● TASK DETAILS
Exclude images; transcribe the rest of the data exactly.

** Opening RAW DATA block **

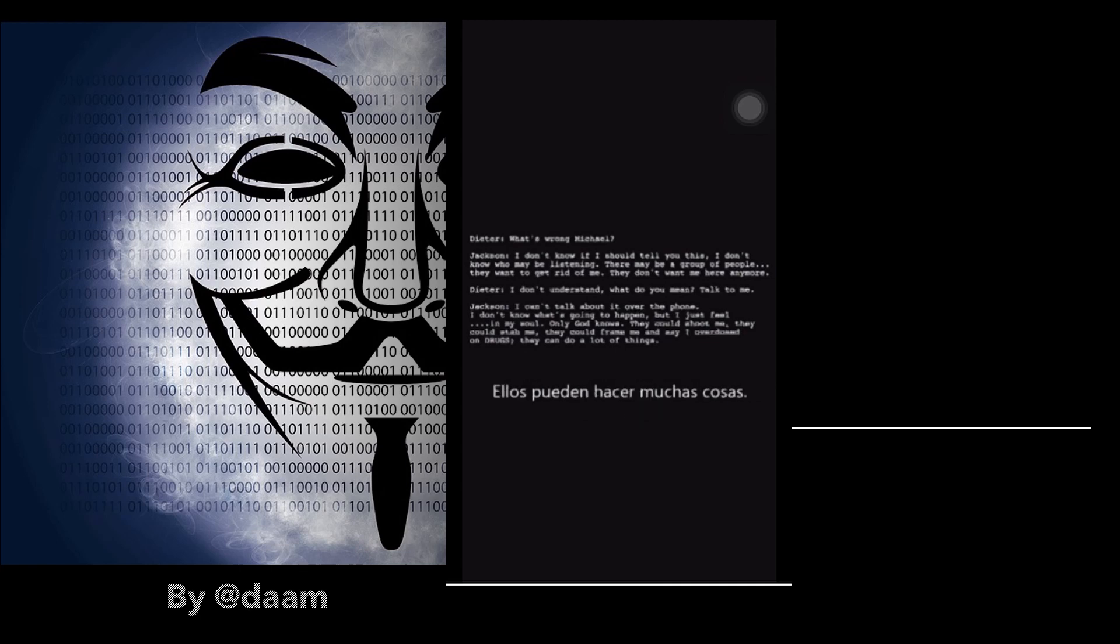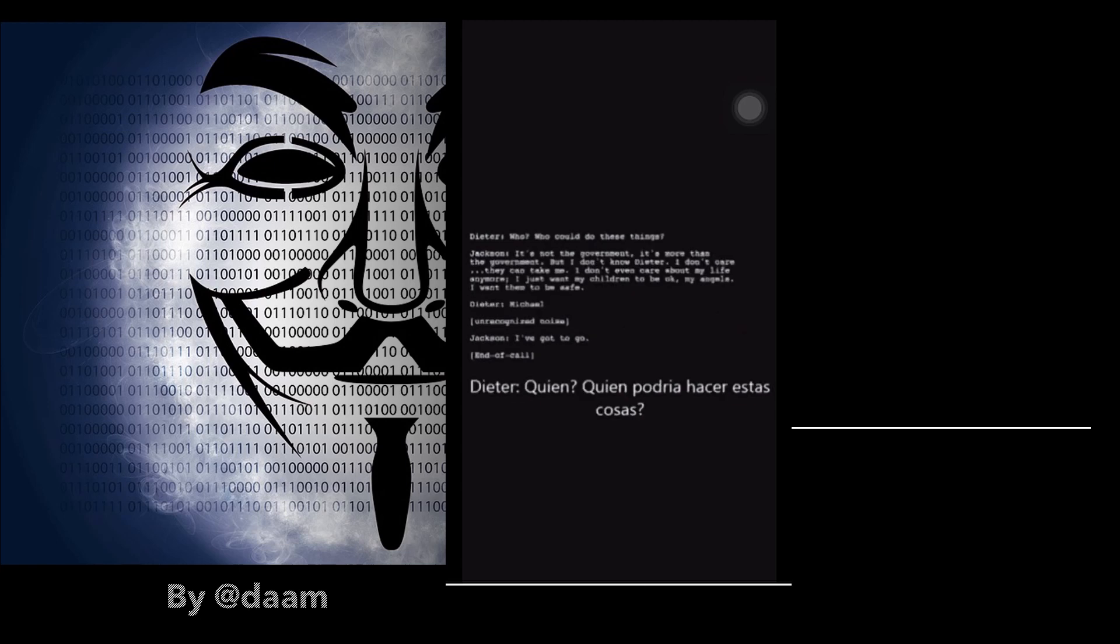They can sue a lot of things. Who? Who could do these?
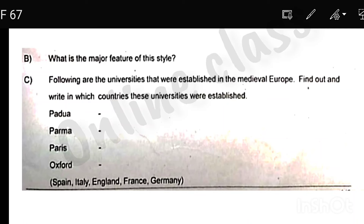Hi friends, welcome to our online class. I'm going to discuss this with our previous course annual exam.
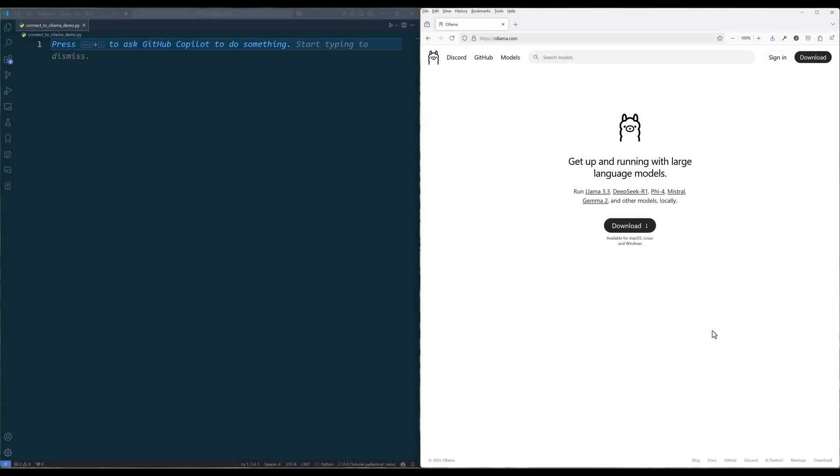Pydantic AI just deprecated Ollama module in version 0.21, and to connect to Ollama server, we now have to go through OpenAI's endpoint. In this video, I will go through how to connect to Ollama server in Pydantic AI using Pydantic AI OpenAI module.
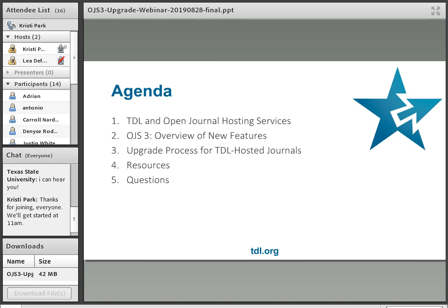We have quite a bit of ground to cover today. I'll start with a brief overview of Texas Digital Library and our OJS hosting service, then head into an overview of some of the new features coming with OJS version 3. Next I'll spend some time going over the upgrade process for TDL hosted journals so that you know what to expect, and finally I'll share some links to resources available as you prepare for this upgrade.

** Closing RAW DATA block **

● TASK RESPONSE
They can sue a lot of things. Who? Who could do these?
Hi friends, welcome to our online class. I'm going to discuss this with our previous course annual exam.
Pydantic AI just deprecated Ollama module in version 0.21, and to connect to Ollama server, we now have to go through OpenAI's endpoint. In this video, I will go through how to connect to Ollama server in Pydantic AI using Pydantic AI OpenAI module.
We have quite a bit of ground to cover today. I'll start with a brief overview of Texas Digital Library and our OJS hosting service, then head into an overview of some of the new features coming with OJS version 3. Next I'll spend some time going over the upgrade process for TDL hosted journals so that you know what to expect, and finally I'll share some links to resources available as you prepare for this upgrade.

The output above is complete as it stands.